/* ========================================================================== */
/* === symamdtest mexFunction =============================================== */
/* ========================================================================== */

/*
    This MATLAB mexFunction is for testing only.  It is not meant for
    production use.  See symamdmex.c instead.

    Usage:

	[ P, stats ] = symamdtest (A, knobs) ;

    Returns a permutation vector P such that the Cholesky factorization of
    A (P,P) tends to be sparser than that of A.  This routine provides the same
    functionality as SYMMMD, but tends to be much faster and tends to return a
    better permutation vector.  Note that the SYMMMD m-file in
    MATLAB 5.2 also performs a symmetric elimination tree post-ordering.  This
    mexFunction does not do this post-ordering.  This mexFunction is a
    replacement for the p = sparsfun ('symmmd', A) operation.

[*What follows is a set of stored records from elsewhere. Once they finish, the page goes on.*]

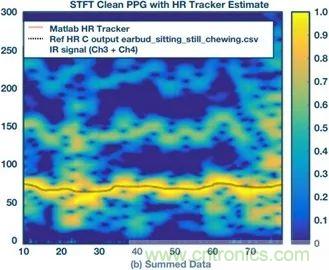 你知道吗？原来耳朵才是测心率的最佳位置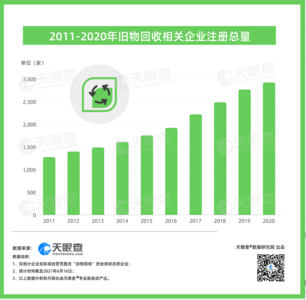 毕业季旧物回收大热，我国现有超1700家旧物回收相关企业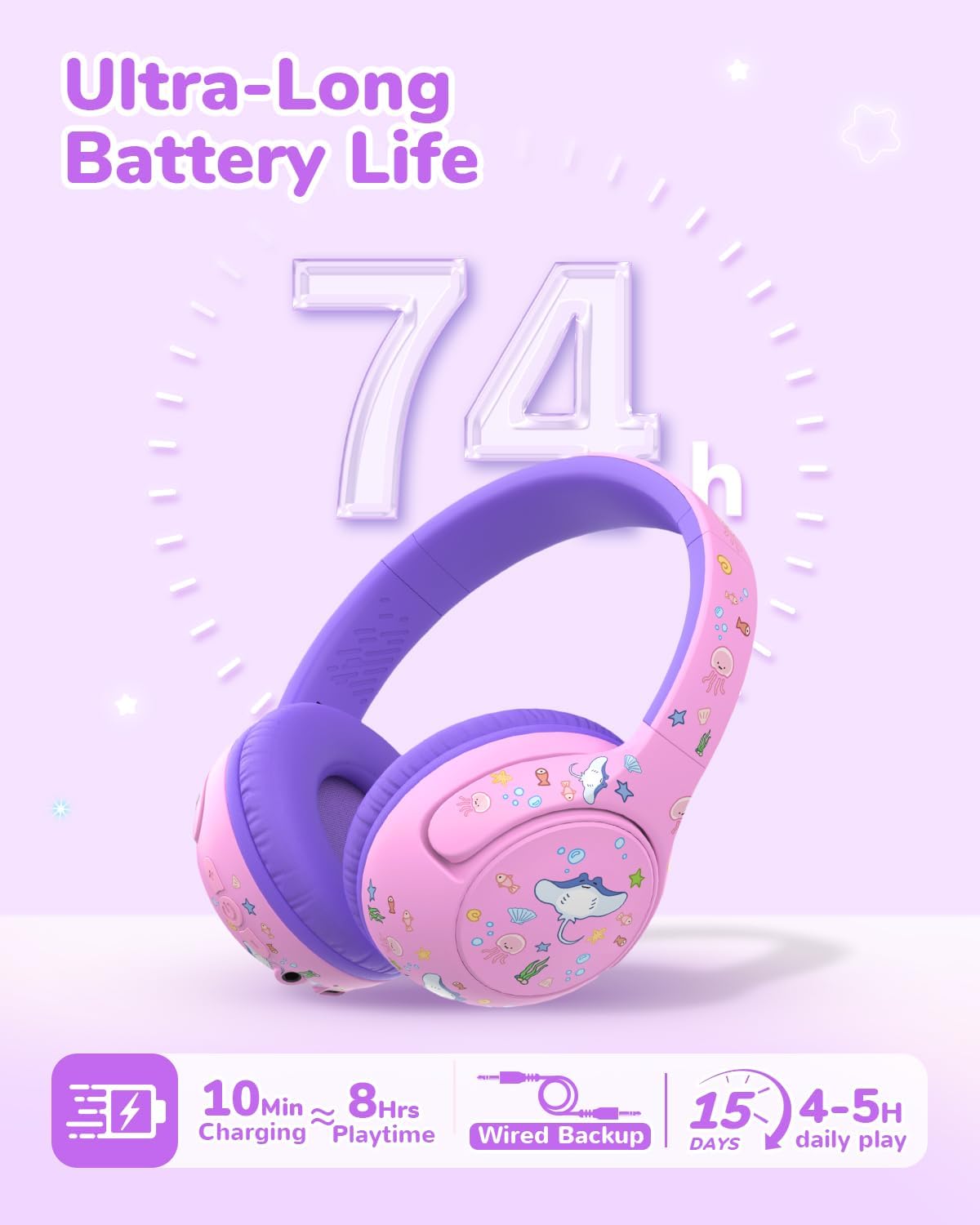 Detalle de iClever BTH27 Kids Bluetooth Headphones 75/80dBA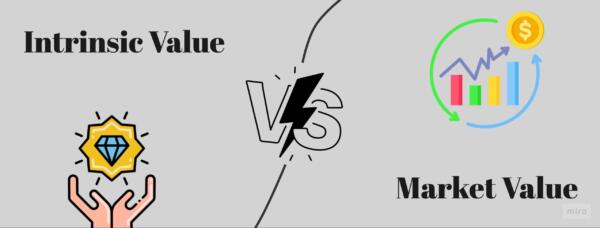 Intrinsic Value - Ways To Calculate Intrinsic Value, Formula, Risk, And ...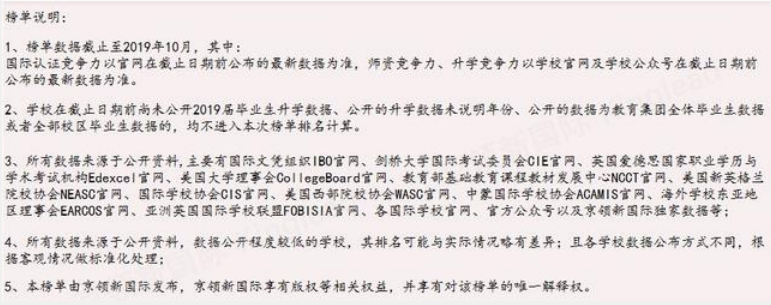 國際學(xué)校英國本科方向百強榜說明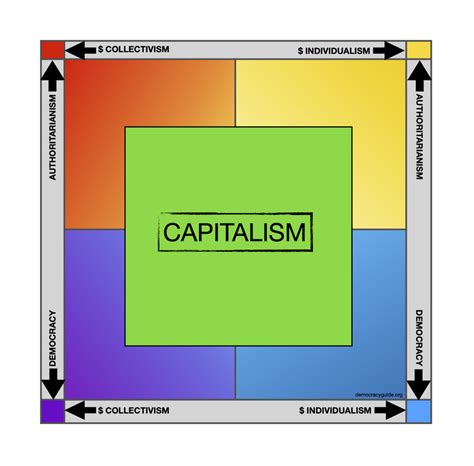 Capitalism Types 的图像结果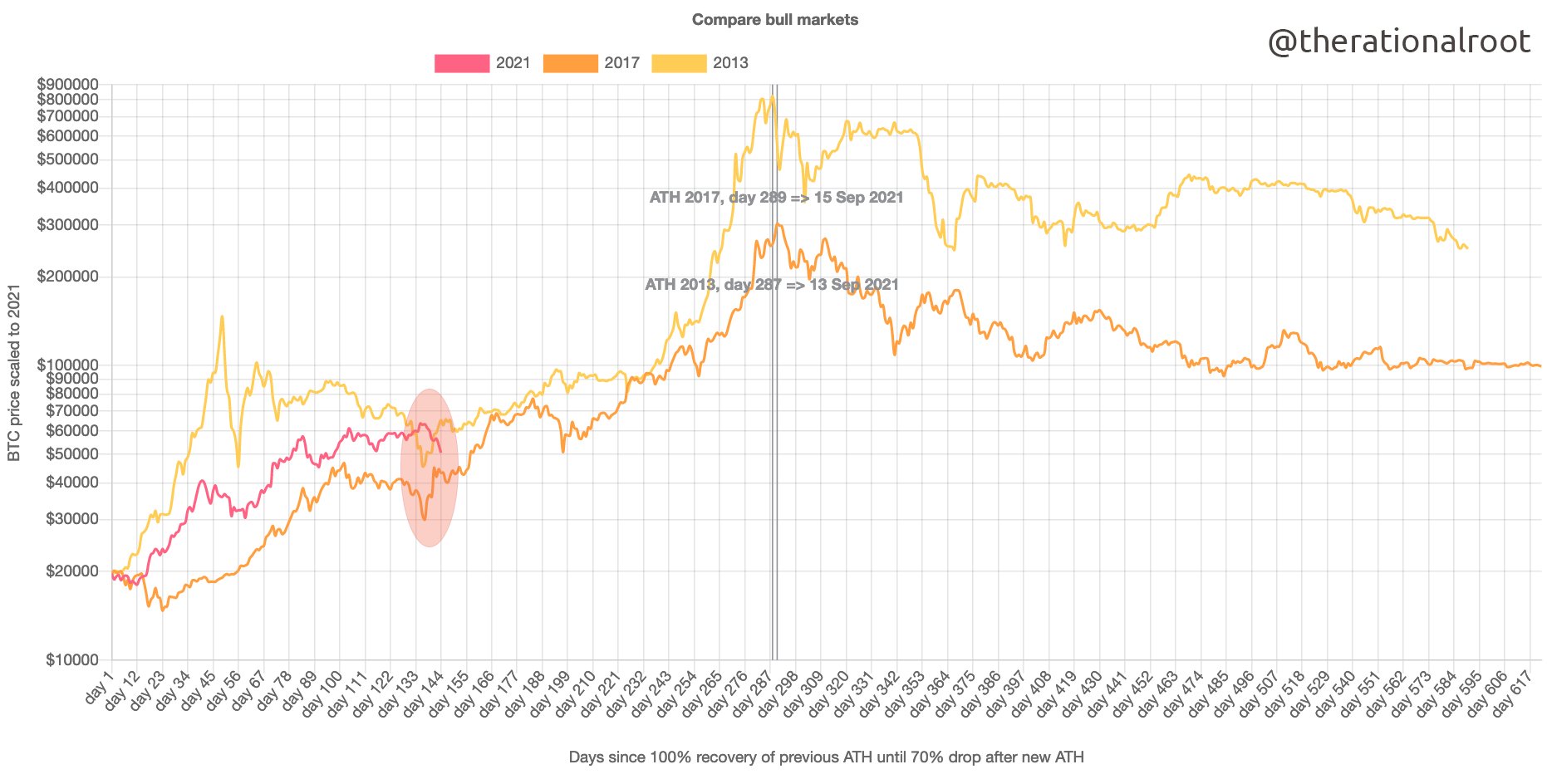 Bitcoin price comparison of historical bullruns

    A must be square, and is assummed to have a symmetric nonzero pattern.
    Only the nonzero pattern of the lower triangular portion of A is accessed.
    This routine constructs a matrix M such that the nonzero pattern of M'M is
    equal to A (assuming A has symmetric pattern), and then performs a column
    ordering of M using colamd.

    The knobs and stats vectors are optional:

	knobs (1)	rows and columns with more than (knobs(1))*n entries
			are removed prior to ordering, and placed last in
			the output ordering.  If knobs is not present, then the
			default of 0.5 is used.

	knobs (2)	print level, similar to spparms ('spumoni')

	knobs (3)	for testing only.  Controls how the input matrix is
			jumbled prior to calling symamd, to test its error
			handling capability.

	stats (1)	the number of dense (or empty) rows and columms.  These
			are ordered last, in their natural order.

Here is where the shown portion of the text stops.